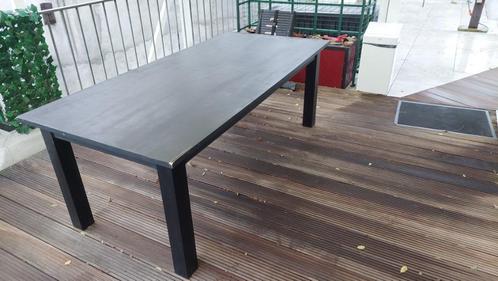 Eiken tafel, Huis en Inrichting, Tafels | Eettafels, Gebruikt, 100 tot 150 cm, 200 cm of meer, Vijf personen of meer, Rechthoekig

____

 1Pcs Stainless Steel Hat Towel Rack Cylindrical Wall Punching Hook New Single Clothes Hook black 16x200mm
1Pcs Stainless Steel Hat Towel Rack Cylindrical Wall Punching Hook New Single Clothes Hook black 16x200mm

____

### WORK REQUIRED
Please copy each line of the entries in which the word "Steel" shows up.

### TASK RESPONSE
 1Pcs Stainless Steel Hat Towel Rack Cylindrical Wall Punching Hook New Single Clothes Hook black 16x200mm
1Pcs Stainless Steel Hat Towel Rack Cylindrical Wall Punching Hook New Single Clothes Hook black 16x200mm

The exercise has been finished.